É interessante observar, igualmente, que Haroldo, Décio Pignatari e Augusto de Campos não foram sequer inovadores, pois quem estudou um pouco a História da Poesia Ocidental sabe que a valorização semântica da mancha gráfica do poema — que, aliás, não passa de um recurso estético sem importância — não foi uma conquista dos chamados “poetas” concretos. Um tipo muito semelhante de procedimento estilístico, inclusive um pouco superior ao “poema” concreto,  já era encontradiço desde a Grécia Antiga (em composições como o technopaignion, ou poema-figura); muitos séculos depois, a valorização da mancha gráfica na página em branco ganha novo fôlego, precisamente durante o Barroco (em formas poéticas como o labirinto) e, finalmente, renasce com toda a força na primeira metade do século XX, em poetas como Apollinaire e Cummings. Ambos utilizaram com frequência esse expediente composicional várias décadas antes do advento do Mo­vimento Con­cretista brasileiro, que, como já foi dito, teve início apenas em 1952.

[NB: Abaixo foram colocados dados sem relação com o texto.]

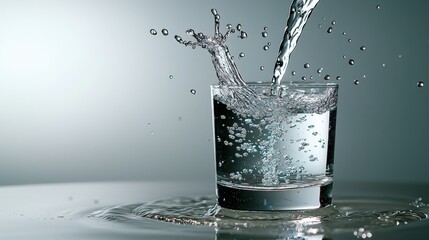 Aufkleber - Splashing water action glass environment high-speed photography shot liquid motion close-up view refreshing concept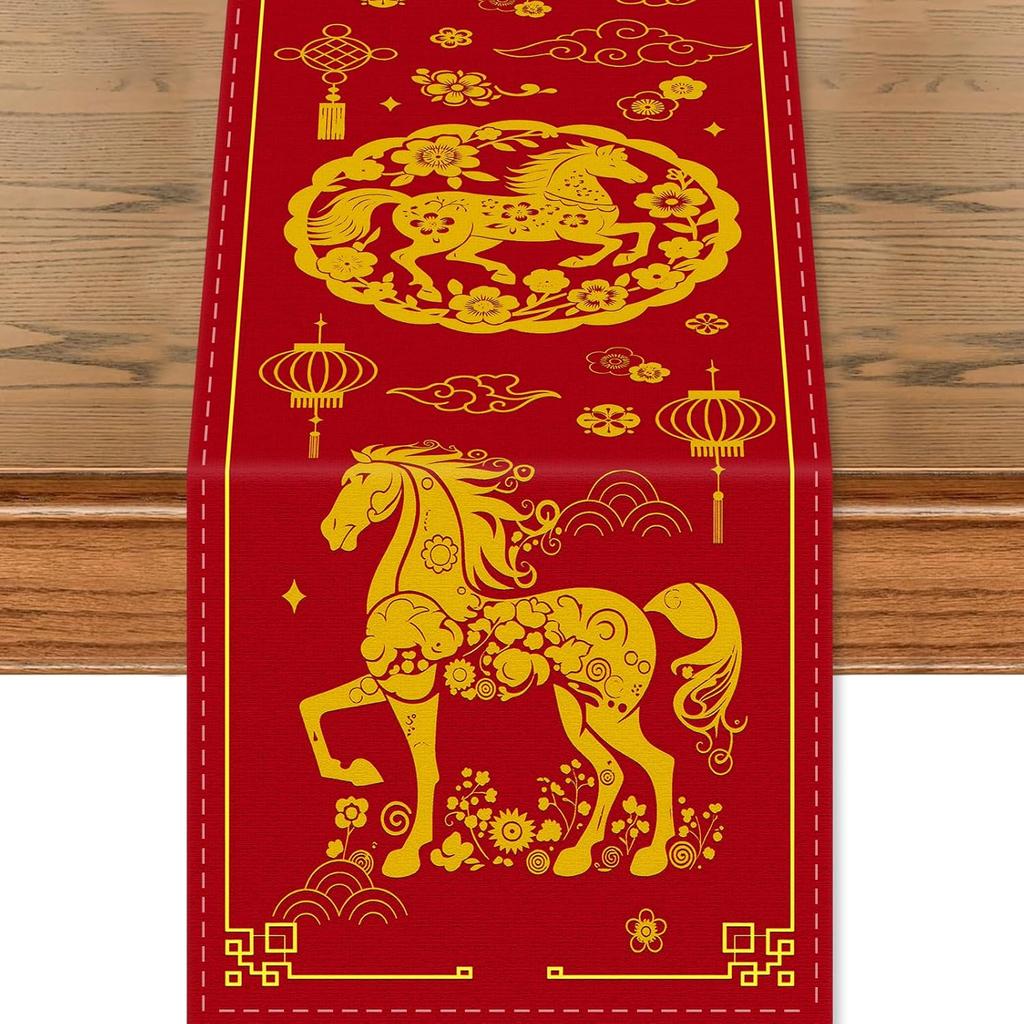 Pumpkin Buffalo Plaid Fall Table Runner, Fall Maple Leaves Kitchen Dining Table Runner Decoration for Thanksgiving Party Decor 13x72 Inch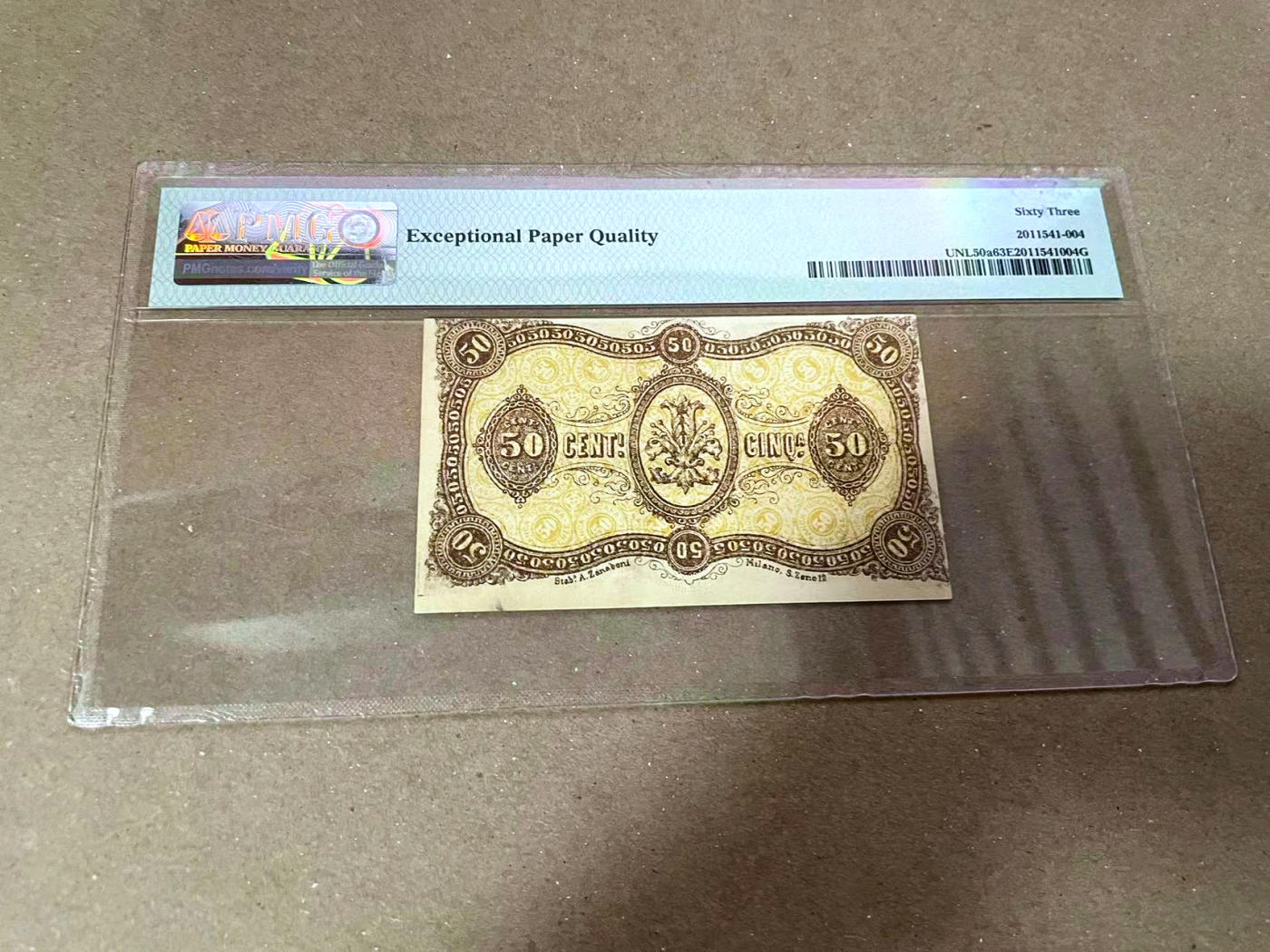 【Blue Auction】✨世界纸币精拍第471期【精】 【AA无47】意大利 早期 1870年50分 PMG63EPQ 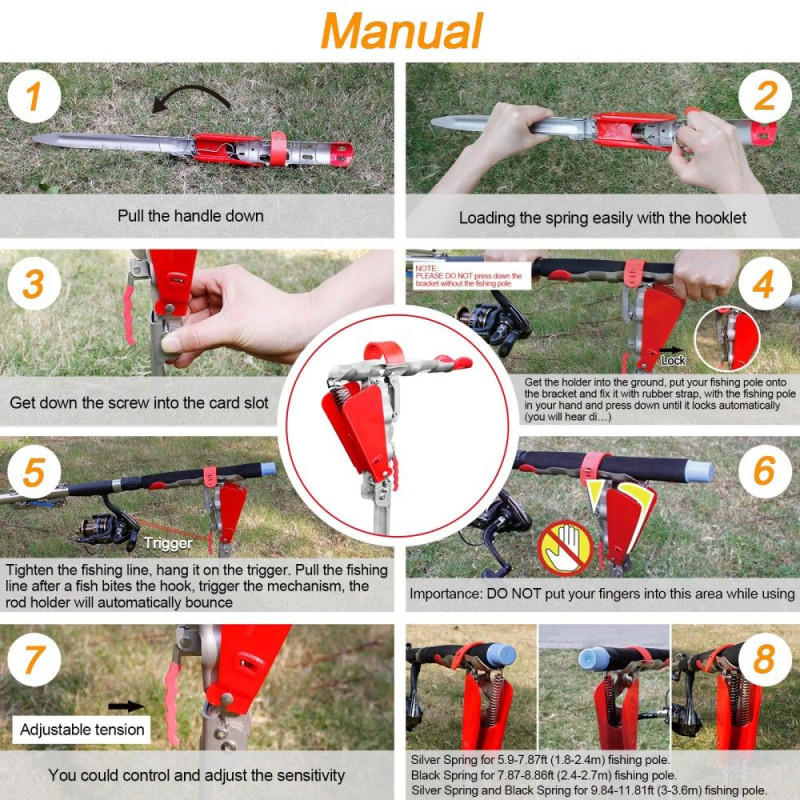 Automatisk fjærstangholder Fiskestang Sammenleggbar brakett Fiske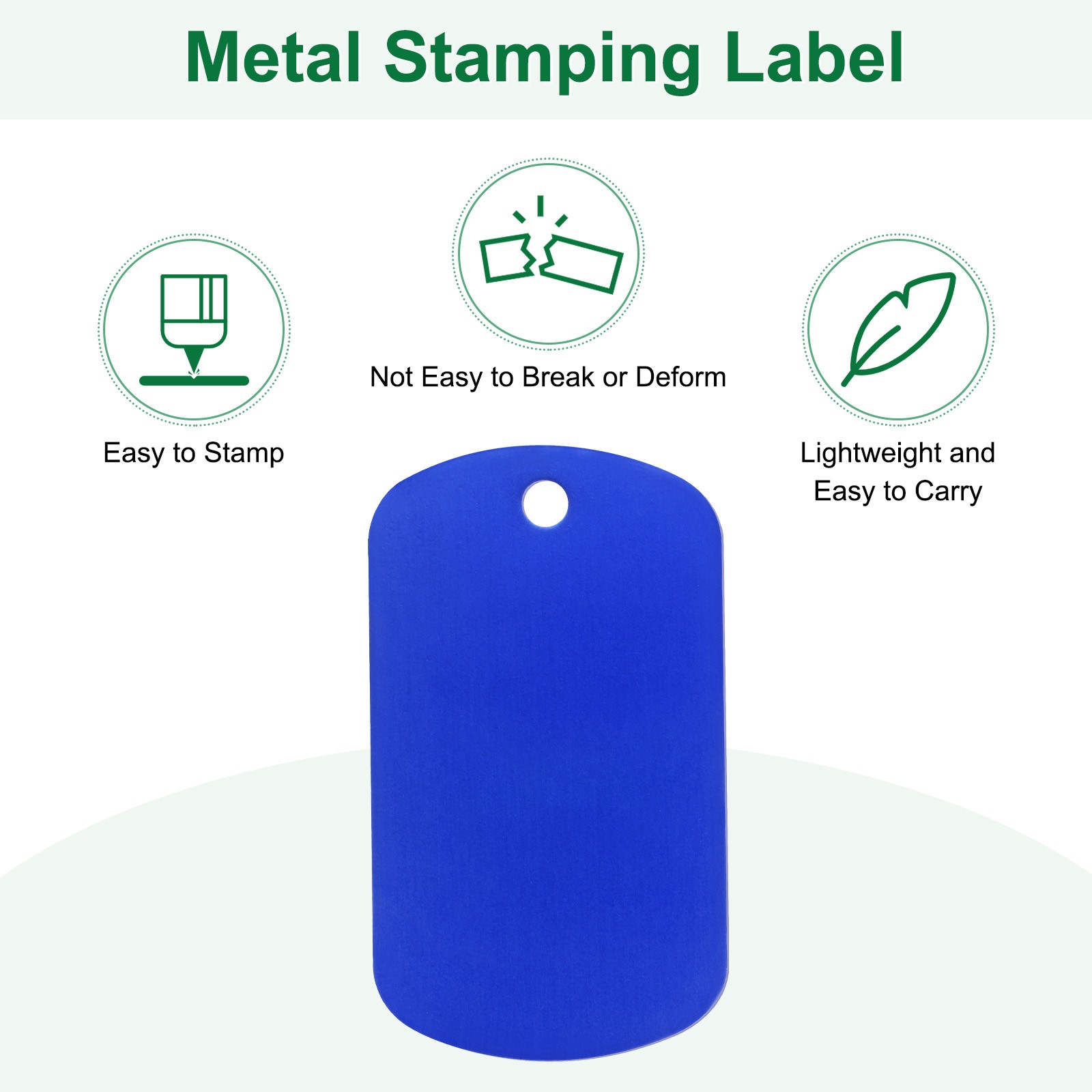 20-Pack 2″ x 1.18″ x 0.04″( L x W x T ) Blank Dog Tags [Blue, 1 Hole]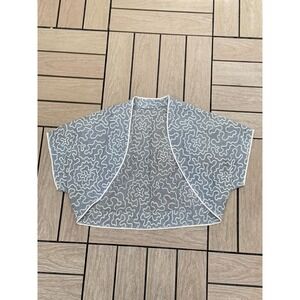 Sheer gray with white swirls pattern cord embroidery bolero shrug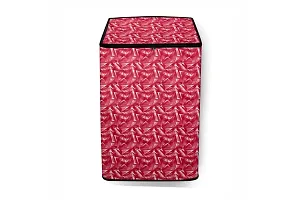 Stylista Washing Machine Cover Compatible for Samsung 7 KG Fully-Automatic Top Loading WA70N4261SS/TL Frieze Pattern Red-thumb2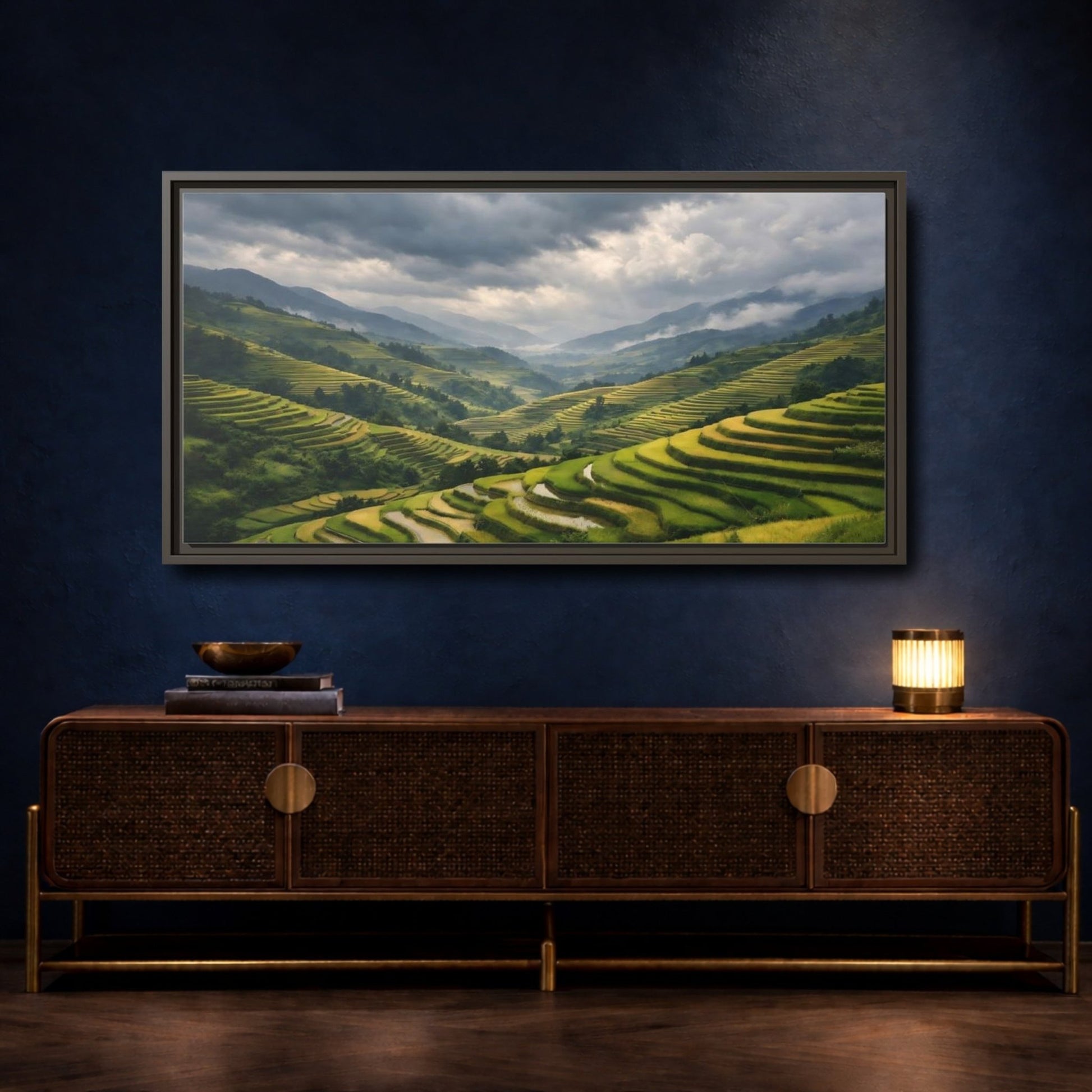 Landscape Nature Rice Terraces Green And - Framed Canvas Wall Art Print - YesArtYes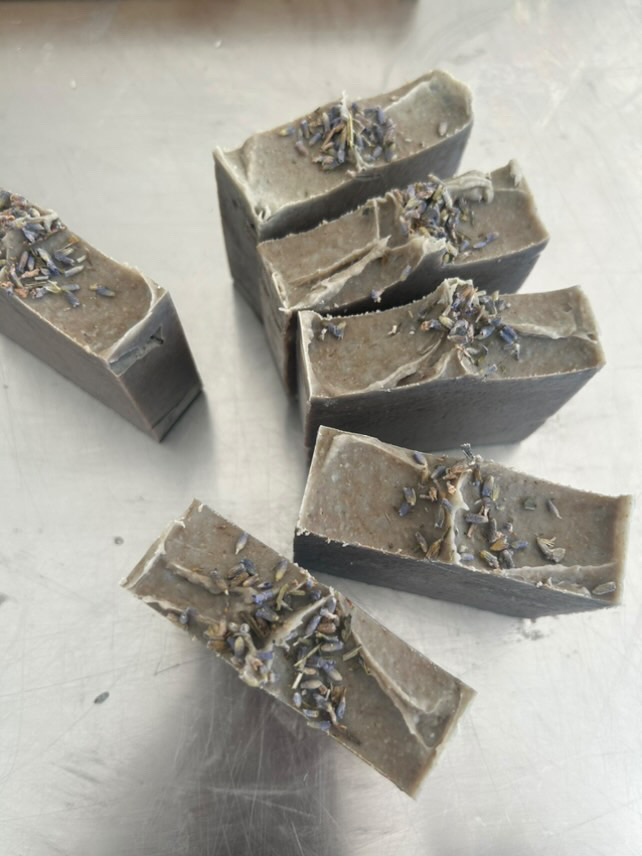 bars of purple lavender honey tallow soap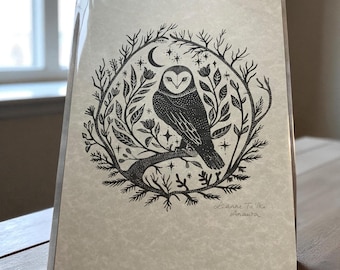 Linocut Style Folk Art ‘Moon Owl’ Print, Pagan Cottagecore Decor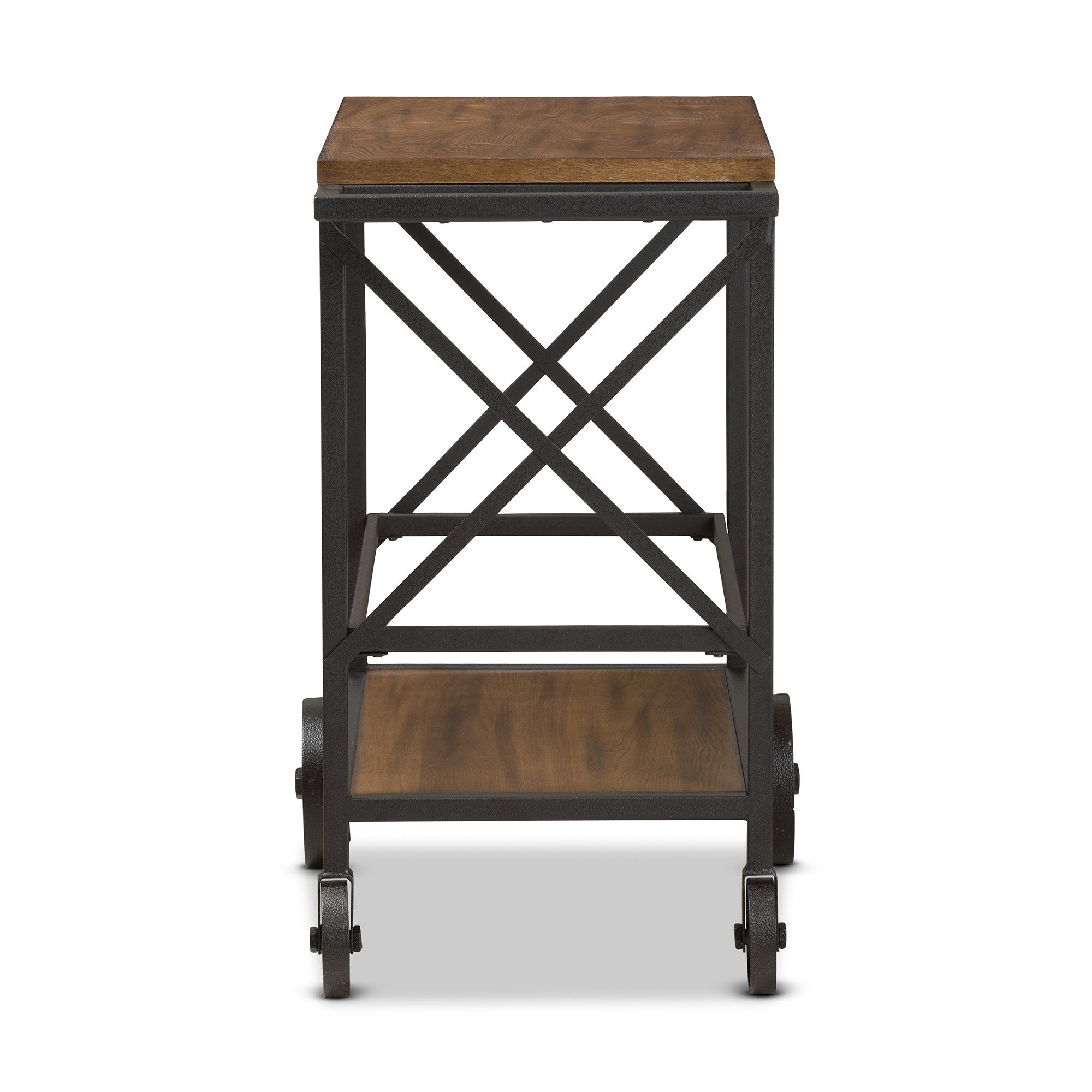 Baxton Studio Chester Rustic Industrial Style Oak Brown Finished Wood and Black Finished Metal Mobile Serving Cart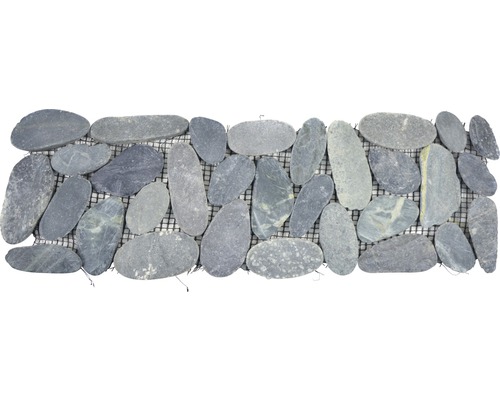 Bordure en galets de rivière BO IN24KS 10x30 cm Mosaïque en pierre naturelle avec motif de galets
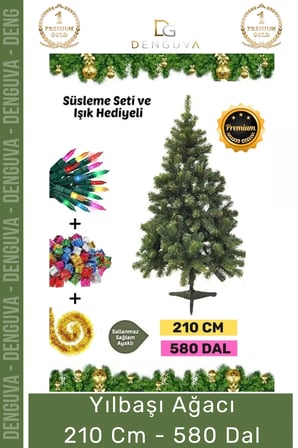 Premium Kutu Süsleme Seti Yılbaşı Çam Ağacı Renkli Işığı Yeni Yıl Süsleri Noel Paketi 210 Cm 580 Dal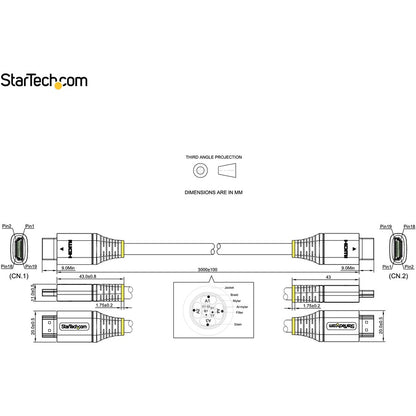 Câble HDMI 2.1 StarTech.com de 3 m, câble HDMI ultra haute vitesse certifié 48 Gbit/s, 8K 60 Hz/4K 120 Hz HDR10+, câble HDMI 8K, moniteur/écran HDMM21V3M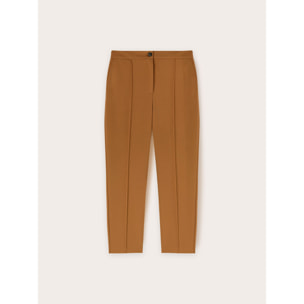 Motivi - Pantalones regulares de tejido crepé - Marrón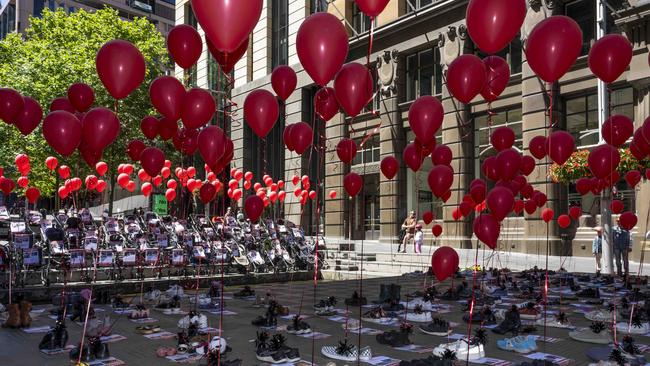 Sydney's Martin Place, where empty prams and the images of children held hostage by Hamas were displayed to show solidarity with Israel. Picture: Monique Harmer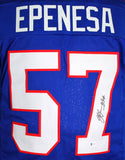 AJ Epenesa Autographed Blue Pro Style Jersey - Beckett W Auth *7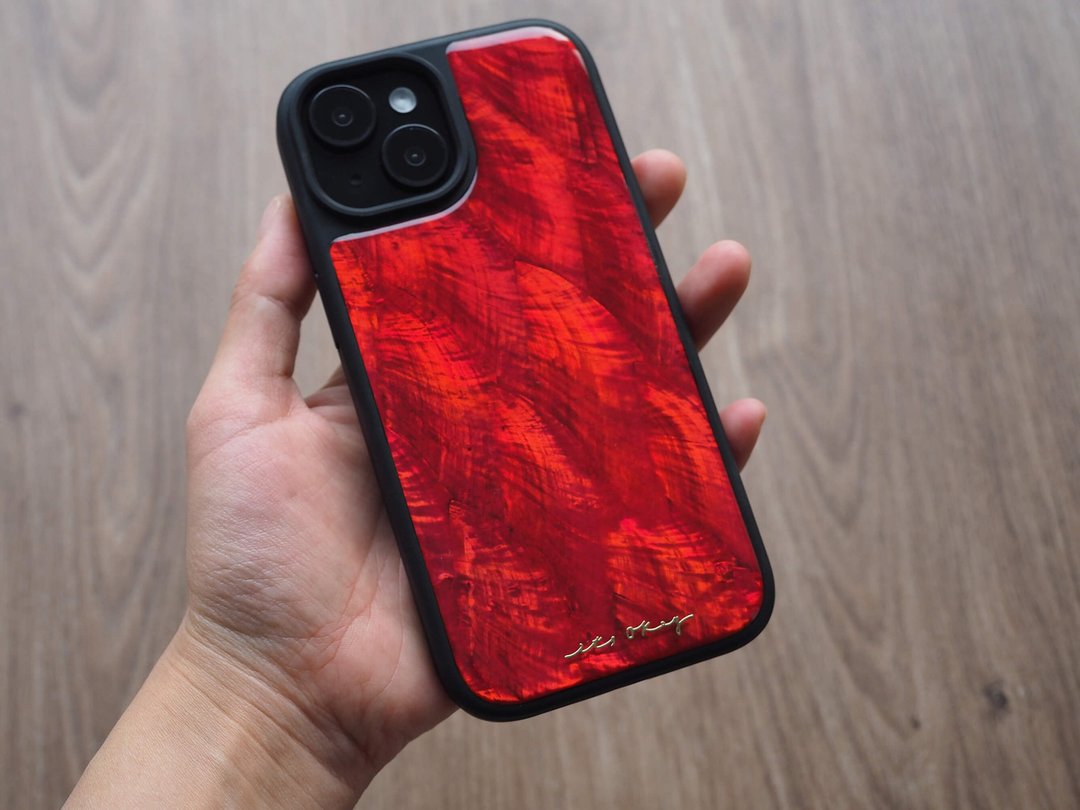 红色 珍珠母贝 手工手机壳 适用iPhone16,15,14,13,12,11ProMax - 手机壳/手机套 - 贝壳 红色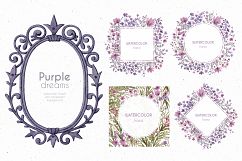 Purple dreams. Watercolor cliparts Product Image 8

Portanto, não deixa de ser irônico que o Con­cretismo brasileiro — escola que proclamou ser a inovação sua viga-mestra — seja uma macaqueação de recursos estilísticos sem grande importância que surgiram há mais de dois mil anos. Nem sequer a teoria da tradução dos concretistas (a chamada tradução-arte ou transcriação) é inovadora, visto que se fundamenta nas teorias de Ezra Pound e de Roman Jakobson.

Alguém poderia objetar que o mérito dos irmãos Campos foi a revalorização de alguns poetas importantes, como o maranhense Sousândrade. Mas quem costuma ler os críticos brasileiros da primeira metade do século XX saberá que o autor de “O Guesa Er­rante” foi posto novamente em evidência por Fausto Cunha, ensaísta que se tornou famoso por se aprofundar no estudo do Romantismo Brasileiro, e não por Haroldo e Augusto de Campos, como a maioria das pessoas imagina.

Ao fim e ao cabo, para não ser injusto, creio que a única contribuição positiva dos irmãos Campos se restringiu a algumas traduções bem-sucedidas, sobretudo dos poemas de Rilke e de Emily Dickinson, à divulgação de alguns poetas europeus importantes, tais como Arnaud Daniel, Quirinus Kuhlmann e Osip Mandelstam, e a uns cinco ou seis de ensaios de crítica literária que não merecem ser desprezados.